● **Aim of the exercise**
Only the lines holding "Shirt" are wanted; find them in the listing and return each one.

● **Material for the task**
◆ ◆ ◆

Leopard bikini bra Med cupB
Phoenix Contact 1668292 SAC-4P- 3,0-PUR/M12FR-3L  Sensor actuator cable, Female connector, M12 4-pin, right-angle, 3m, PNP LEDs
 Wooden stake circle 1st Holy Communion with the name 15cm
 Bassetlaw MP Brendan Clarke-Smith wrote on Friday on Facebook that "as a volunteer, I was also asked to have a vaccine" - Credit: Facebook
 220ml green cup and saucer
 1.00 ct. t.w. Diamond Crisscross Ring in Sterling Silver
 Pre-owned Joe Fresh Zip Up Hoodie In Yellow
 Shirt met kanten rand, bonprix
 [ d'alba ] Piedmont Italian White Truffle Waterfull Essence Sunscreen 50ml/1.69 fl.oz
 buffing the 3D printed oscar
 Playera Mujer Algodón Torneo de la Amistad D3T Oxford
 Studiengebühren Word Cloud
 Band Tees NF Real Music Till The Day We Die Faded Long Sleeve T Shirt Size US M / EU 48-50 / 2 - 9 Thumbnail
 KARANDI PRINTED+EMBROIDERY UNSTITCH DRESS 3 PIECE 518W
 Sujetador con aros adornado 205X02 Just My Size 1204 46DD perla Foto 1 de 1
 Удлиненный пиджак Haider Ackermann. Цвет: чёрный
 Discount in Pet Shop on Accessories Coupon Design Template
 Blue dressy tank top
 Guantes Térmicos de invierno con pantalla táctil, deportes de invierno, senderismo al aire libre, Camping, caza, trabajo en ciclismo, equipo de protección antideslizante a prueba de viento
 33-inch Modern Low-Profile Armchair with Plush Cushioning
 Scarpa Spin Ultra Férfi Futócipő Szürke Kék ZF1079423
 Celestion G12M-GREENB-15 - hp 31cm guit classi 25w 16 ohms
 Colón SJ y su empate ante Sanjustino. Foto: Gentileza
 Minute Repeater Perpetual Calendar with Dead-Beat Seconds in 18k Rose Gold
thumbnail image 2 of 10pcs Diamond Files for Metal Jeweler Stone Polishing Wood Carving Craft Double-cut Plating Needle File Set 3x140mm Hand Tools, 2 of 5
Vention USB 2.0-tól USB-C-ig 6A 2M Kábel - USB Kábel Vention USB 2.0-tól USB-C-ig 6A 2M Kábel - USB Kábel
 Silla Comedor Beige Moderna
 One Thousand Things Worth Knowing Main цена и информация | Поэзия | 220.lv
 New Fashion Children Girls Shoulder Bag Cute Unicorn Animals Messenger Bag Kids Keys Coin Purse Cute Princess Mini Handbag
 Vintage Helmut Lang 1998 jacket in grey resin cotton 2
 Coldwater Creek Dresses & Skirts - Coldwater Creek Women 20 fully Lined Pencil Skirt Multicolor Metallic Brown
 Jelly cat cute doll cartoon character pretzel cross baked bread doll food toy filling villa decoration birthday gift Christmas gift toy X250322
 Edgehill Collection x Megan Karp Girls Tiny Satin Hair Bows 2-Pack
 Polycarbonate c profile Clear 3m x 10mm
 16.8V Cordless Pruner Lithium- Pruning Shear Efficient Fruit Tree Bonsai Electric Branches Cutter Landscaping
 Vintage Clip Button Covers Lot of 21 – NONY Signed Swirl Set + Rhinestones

◆ ◆ ◆

● **Result of this task**
 Shirt met kanten rand, bonprix
 Band Tees NF Real Music Till The Day We Die Faded Long Sleeve T Shirt Size US M / EU 48-50 / 2 - 9 Thumbnail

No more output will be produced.